Izuku Midoriya, a boy with a quirk almost as bad as being quirkless, is forced to jump.

Yet the world doesn't shed a tear, nor blinks an eye.

It simply keeps going.

Not sparing a moment for him.

Once he awakens, he starts over with nothing but a notebook, a violin, and a will that refuses to break, Izuku learns how to walk the path he was destined to fail.

Notes:

Yo!!!! First Fanfic. Hope y'all enjoy!!! Have a great rest of your night!!

(Posted 28th of the 12, 2025, 10:45 PM)

Merry Christmas and a happy new year!!

Chapter 1: A Funeral Song for Deku

Chapter Text

No one was born equal in this world. One person knew this in particular. Izuku Midoriya. A boy, who had a quirk no one thought useful. A mother who was lost in her own world. Not caring enough for poor little Izuku. A father who was absent all of his life. Sure. Izuku wasn’t quirkless. But by no chance was his life any better than theirs.

His ‘friend’ Bakugou and his cronies bullied him every day. His teachers ignored the bullying. In this world? Only people with strong quirks. Strong enough to be a hero ‘deserved’ the right to a fair life. . Only the strong survived. Only the strong deserved a life. His family? The one people who were meant to be with him no matter what? When he got bullied, when he was depressed? Why, his father left many years ago, promising he’d come back. But never doing it. His mother? Why, she was an alcoholic. A person who had seen and done far too much in this world, to the point that if she was sober for more than 5 minutes in Izuku’s presence, he would have a bruise on his eye the next day at school.

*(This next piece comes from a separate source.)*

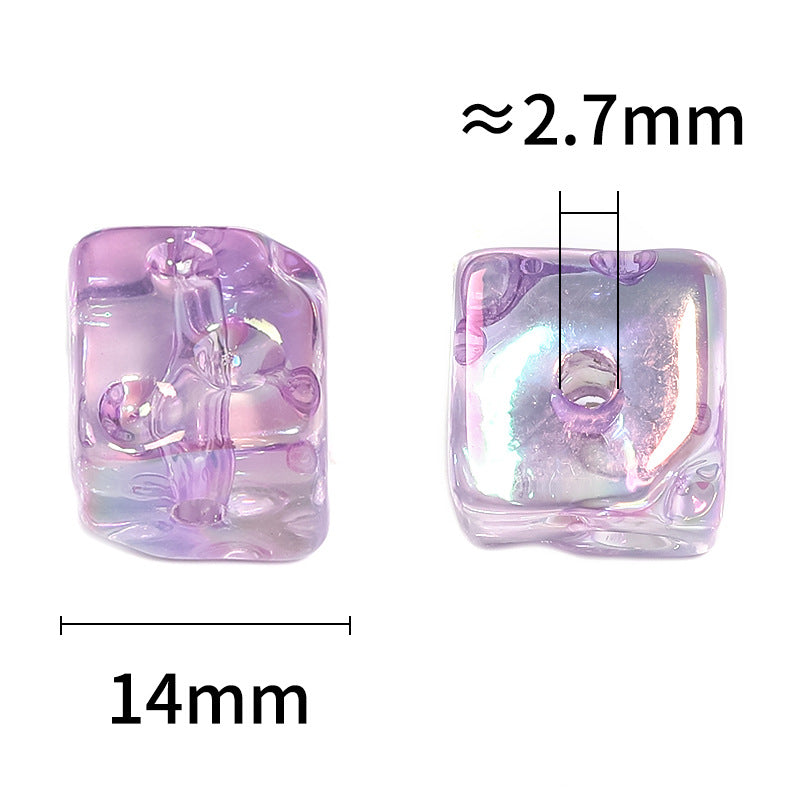 Optical Electroplated Cheese-Shaped Transparent Acrylic Square Beads – DIY Bead Pen & Mobile Phone Chain Jewelry Accessories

Why? Why is it that even though the world had preyed on Izuku’s innocence and youth, did he still want to save the world? Even though the world had showed its back to Izuku, why did he refuse to show his back to it? Even with such a ‘weak’ quirk, Izuku still wanted to be a hero. Someone like his greatest inspiration All Might. Yet the question remains. Would he be able to become the hero he wished to be with the way society was treating him? Or would he succumb to their expectations? Only time would tell…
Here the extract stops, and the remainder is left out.